Trawlermen involved. No Monster Moves. No Smithy from The Bill (RIP). Not even Kevin from Grand Designs. But there are houses, British people and loaded discussions about the size of various kitchens and the importance of an Aga.
The premise, if you've not yet discovered it on Channel 7 Two, is that a family (taking in everything from couples with cats to couples with enormous numbers of children (plus Grandma) to Dads with grown daughters to candidates for Mother & Son) wants to move from a larger town (everything from London to a large village of 10,000 people) to The Country. In the version currently aired here, presenter Catherine Gee enters the fray to find said family four houses which might be suitable to their needs. Technically, said family is then supposed to fall in love with one of said houses and make an offer. Only they never do.
Catherine is unfailingly cheerful in her quest to fulfill the desires of 'My Family', as she calls them. Only once have I seen her calm demeanour slip. And it took an over-bleached blonde with an unflattering tan to do it. Something about putting mirrored tiles all over the dining room of a 17th Century cottage and inserting a full bar didn't agree with Catherine. But even then, only a faint mew of disgust and subtle roll of the eyes gave her away. And only to those of us who knew her well.

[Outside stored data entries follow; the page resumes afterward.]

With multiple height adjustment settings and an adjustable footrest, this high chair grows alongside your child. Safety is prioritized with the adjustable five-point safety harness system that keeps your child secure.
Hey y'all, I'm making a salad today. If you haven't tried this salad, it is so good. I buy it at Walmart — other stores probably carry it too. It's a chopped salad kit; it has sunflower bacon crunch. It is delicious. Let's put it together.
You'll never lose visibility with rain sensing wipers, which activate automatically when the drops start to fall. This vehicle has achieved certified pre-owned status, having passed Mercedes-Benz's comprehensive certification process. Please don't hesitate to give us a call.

Each week, The Builder and I watch the endless parade of properties - invariably called Rose Cottage - and mentally rearrange the furniture, pulling out walls, and replanting gardens. We've discovered we're not 'Beamy' people. Beams usually mean low ceilings and that's not for us. And we're partial to an 'outbuilding', big windows and a 'downstairs cloakroom'.

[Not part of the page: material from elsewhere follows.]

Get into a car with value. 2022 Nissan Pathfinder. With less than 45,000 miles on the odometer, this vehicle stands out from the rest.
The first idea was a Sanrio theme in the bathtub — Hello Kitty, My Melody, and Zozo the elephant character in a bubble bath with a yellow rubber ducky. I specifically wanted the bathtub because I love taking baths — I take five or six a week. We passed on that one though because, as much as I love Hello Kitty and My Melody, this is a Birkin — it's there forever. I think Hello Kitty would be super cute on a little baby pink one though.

Seriously, it's like a 10pm Friday night SBS movie for Real E-Stalkers like us. House porn. We're wed to the Fibro, but that doesn't stop us looking. Even at totally unsuitable properties from 2007 on the other side of the world. In fact, that's probably better than looking at totally unsuitable properties available locally - and now.
Why, just months ago I nearly fell for a one-bedroom renovated church. Fortunately, sanity intervened. Well, that and the fact that it wasn't named Rose Cottage.